▶ [What to produce] Beginning with the line below that contains "Mahasiswa KKN Kelompok" and ending with the line that contains "Women's Ultra Soft", retype every line exactly. Pictures are not copied.

#### Records provided

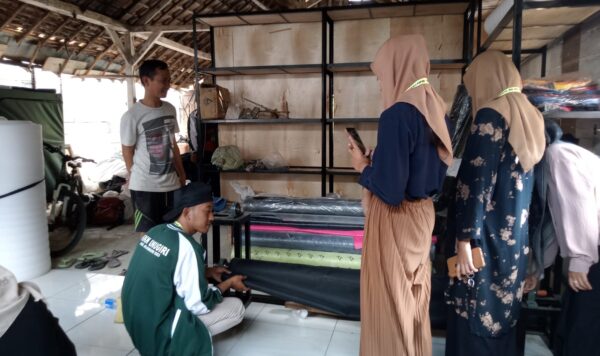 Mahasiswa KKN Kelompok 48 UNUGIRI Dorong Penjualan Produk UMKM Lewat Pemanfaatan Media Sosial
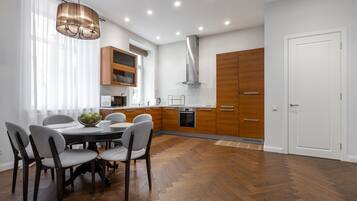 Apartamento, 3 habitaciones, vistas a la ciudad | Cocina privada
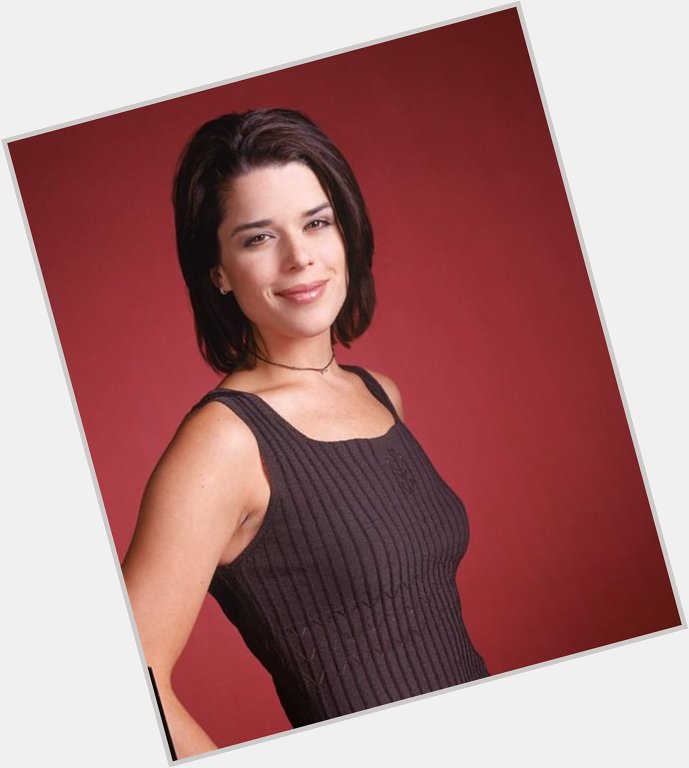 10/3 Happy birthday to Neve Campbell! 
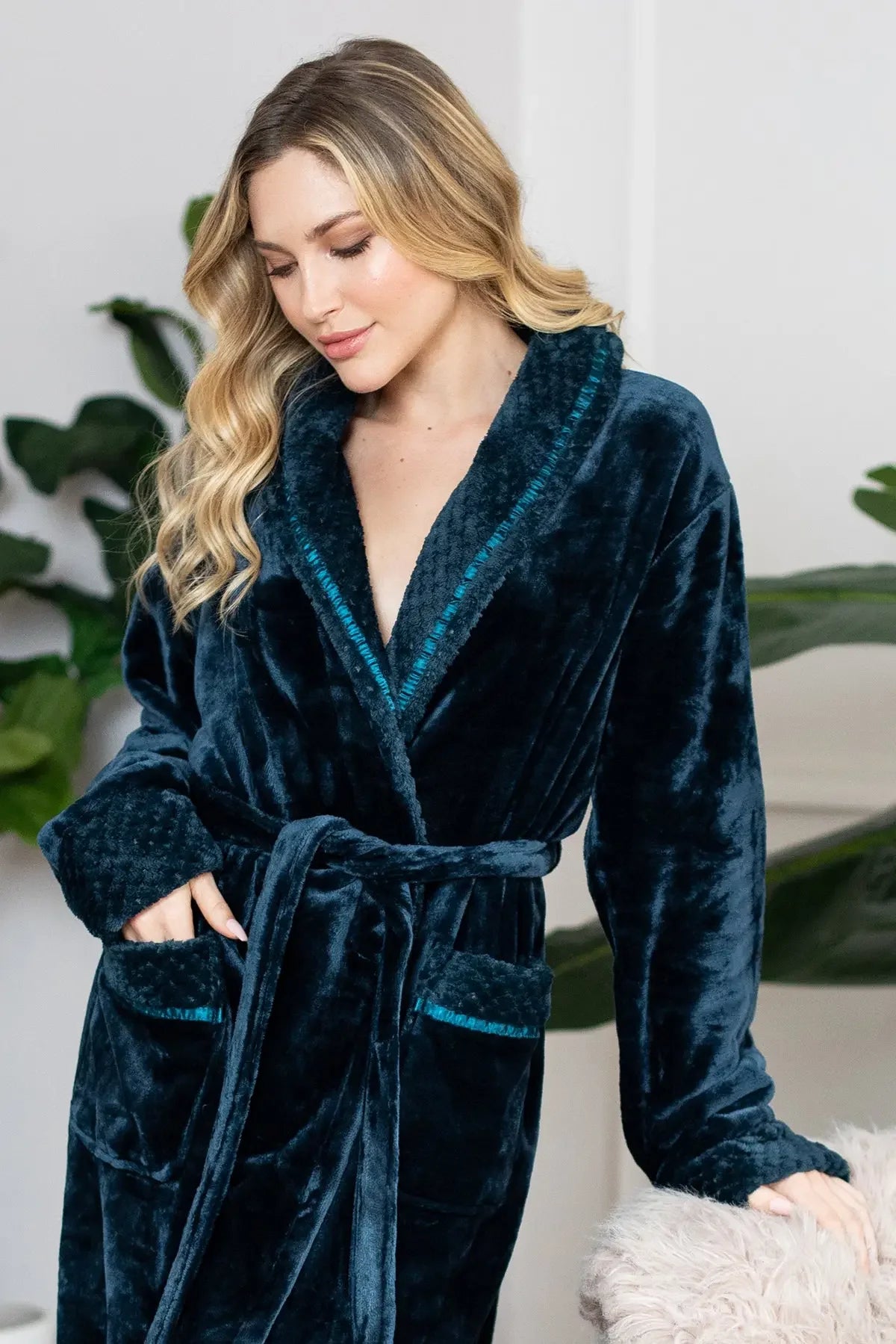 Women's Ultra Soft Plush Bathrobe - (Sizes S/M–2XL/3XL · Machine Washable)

########
#### Records provided

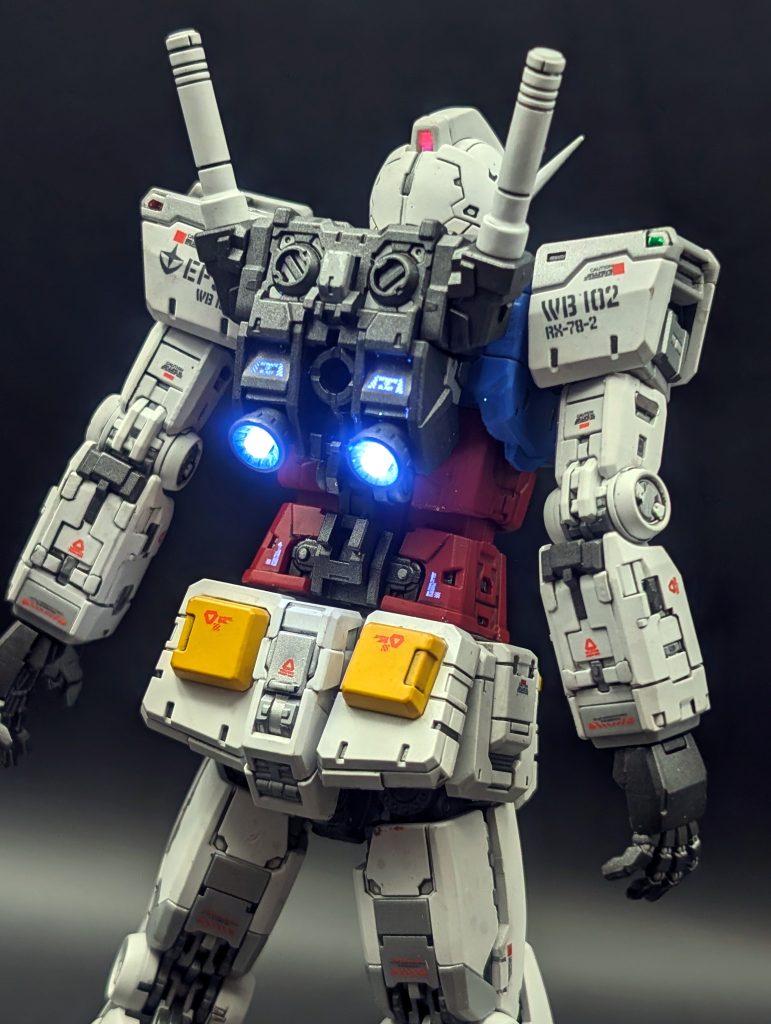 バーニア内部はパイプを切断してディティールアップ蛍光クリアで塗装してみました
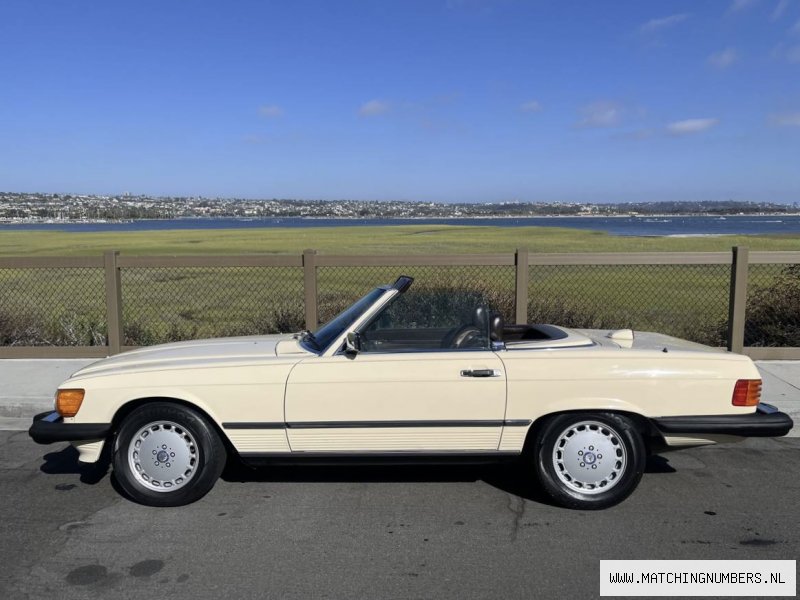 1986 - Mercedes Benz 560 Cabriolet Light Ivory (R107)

########

▶ [Answer section]
 Mahasiswa KKN Kelompok 48 UNUGIRI Dorong Penjualan Produk UMKM Lewat Pemanfaatan Media Sosial
 Apartamento, 3 habitaciones, vistas a la ciudad | Cocina privada
 10/3 Happy birthday to Neve Campbell! 
 Women's Ultra Soft Plush Bathrobe - (Sizes S/M–2XL/3XL · Machine Washable)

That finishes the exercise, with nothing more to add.